Лотанну посмотрел на ее каменное лицо.
— Тебя лишили способностей к чарословию?
— Их забрал Скиталец.
— Но ты ведь все еще Альцион?
— Пока мы не выследим это чудовище и не вернем мне чарословие, я буду такой же, как мой братец. — Она отвела взгляд. — Вторым Буревестником.
Перед глазами проснувшейся Франчески порхали ярко-оранжевые мушки.
Она села. Мушки съежились и погасли. Франческа не сразу поняла, где она — сперва показалось, что в авильской лечебнице. Потом она вспомнила. Холодный Шлюз.
За окном занималась заря. В сознании всплывали подробности круто изменившейся жизни: побег из лечебницы, зреющий в городе бунт, потеря слуха и половины жизни, Никодимус.
Франческа со страхом повернула голову. Нет, вот он, никуда не делся — широкие плечи, смуглое лицо, черная корона разметавшихся по подушке волос. Франческа вздохнула облегченно. Да, за эту перемену, единственную, она благодарна судьбе.
И снова затанцевали в воздухе оранжевые сполохи. Кажется, они срывались с Никодимусовых губ. Франческа вздрогнула.
Нет, она различала их не глазами. Глаза ее все так же смотрели на мирно спящего Никодимуса, и в то же время в каком-то другом поле зрения возникали эти мушки. Словно ей откуда-то досталась дополнительная пара зрачков.
Загадочные искры померкли.
Ни на один магический текст они не походили, это безусловно. Когда искры возникли снова, Франческа поняла, что они появляются и пропадают в унисон с Никодимусовым дыханием: разгораются при вдохе, меркнут при выдохе.
Франческа положила ладонь возлюбленному на грудь. Он вдохнул, и отделившаяся от губ стайка оранжевых искр поплыла перед невесть откуда взявшимся новым взором. А еще рука Франчески тихонько подрагивала — Никодимус храпел.
Она видит его храп?
Франческа осторожно ткнула его пальцем в ребра. Россыпь оранжевых искр сгустилась у его рта в огненно-красную вспышку и исчезла. Никодимус перевернулся на бок. Теперь вместо искр храпа над губами виднелось лишь бледное свечение, усиливающееся и слабеющее в такт движениям его груди.
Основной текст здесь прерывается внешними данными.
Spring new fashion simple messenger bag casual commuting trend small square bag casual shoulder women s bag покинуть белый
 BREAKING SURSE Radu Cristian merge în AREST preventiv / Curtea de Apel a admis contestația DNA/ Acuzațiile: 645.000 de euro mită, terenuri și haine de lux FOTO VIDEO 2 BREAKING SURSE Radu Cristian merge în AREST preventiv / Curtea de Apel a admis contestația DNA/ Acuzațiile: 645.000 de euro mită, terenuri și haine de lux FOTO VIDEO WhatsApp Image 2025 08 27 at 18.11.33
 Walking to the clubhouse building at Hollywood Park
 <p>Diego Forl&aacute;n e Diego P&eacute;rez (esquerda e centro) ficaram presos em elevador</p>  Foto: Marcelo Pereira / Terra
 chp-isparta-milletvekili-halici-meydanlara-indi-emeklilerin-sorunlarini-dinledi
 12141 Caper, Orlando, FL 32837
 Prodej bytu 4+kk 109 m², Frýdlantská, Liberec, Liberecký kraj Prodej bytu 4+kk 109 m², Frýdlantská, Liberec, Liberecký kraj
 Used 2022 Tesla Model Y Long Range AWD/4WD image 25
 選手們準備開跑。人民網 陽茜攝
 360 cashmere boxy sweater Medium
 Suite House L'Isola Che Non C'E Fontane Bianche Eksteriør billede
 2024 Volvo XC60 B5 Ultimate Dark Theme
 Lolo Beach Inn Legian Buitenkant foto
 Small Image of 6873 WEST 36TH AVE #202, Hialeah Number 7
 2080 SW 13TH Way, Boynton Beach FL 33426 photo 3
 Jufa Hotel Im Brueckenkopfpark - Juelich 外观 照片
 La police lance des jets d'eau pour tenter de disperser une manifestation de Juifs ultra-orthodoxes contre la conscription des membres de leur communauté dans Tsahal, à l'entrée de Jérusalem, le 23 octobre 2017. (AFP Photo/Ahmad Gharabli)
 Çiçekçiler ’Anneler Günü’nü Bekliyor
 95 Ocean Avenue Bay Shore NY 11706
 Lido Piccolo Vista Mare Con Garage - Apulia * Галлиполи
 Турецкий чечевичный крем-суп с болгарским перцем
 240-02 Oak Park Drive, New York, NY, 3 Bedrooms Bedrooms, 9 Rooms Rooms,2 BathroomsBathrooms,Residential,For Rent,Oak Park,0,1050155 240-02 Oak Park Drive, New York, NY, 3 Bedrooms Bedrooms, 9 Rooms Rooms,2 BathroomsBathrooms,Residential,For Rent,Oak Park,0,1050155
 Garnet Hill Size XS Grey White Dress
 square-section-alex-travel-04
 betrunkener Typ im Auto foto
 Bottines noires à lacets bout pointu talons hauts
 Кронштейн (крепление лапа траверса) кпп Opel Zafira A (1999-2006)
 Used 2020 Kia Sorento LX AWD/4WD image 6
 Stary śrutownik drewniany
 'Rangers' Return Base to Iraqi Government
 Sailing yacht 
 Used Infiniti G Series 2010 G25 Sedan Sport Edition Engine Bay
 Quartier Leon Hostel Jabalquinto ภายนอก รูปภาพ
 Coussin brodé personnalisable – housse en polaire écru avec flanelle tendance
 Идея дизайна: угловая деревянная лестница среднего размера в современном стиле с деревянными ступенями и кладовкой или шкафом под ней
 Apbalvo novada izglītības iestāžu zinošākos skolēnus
Дыхание. Она видит его дыхание. Белый шум. Бывает же такая синестезия… Синестетическую реакцию на незнакомый магический текст выдают все чарословы, обычное дело, но это что-то другое. Никакого магического текста здесь нет. Она видит звук.
А потом Франческа вспомнила: перед тем, как провалиться в сон, она представляла в цвете удары Никодимусова сердца. Может, она различает только его звуки?
— Франческа, — прошептала она, и подскочила, когда перед глазами вспыхнул лавандово-белый фейерверк.
Она щелкнула пальцами у левого уха — и тут же отметила боковым зрением блеснувший ониксом черный фонтанчик. Еще один щелчок — за головой — произвел на свет такой же фонтанчик, только побледнее.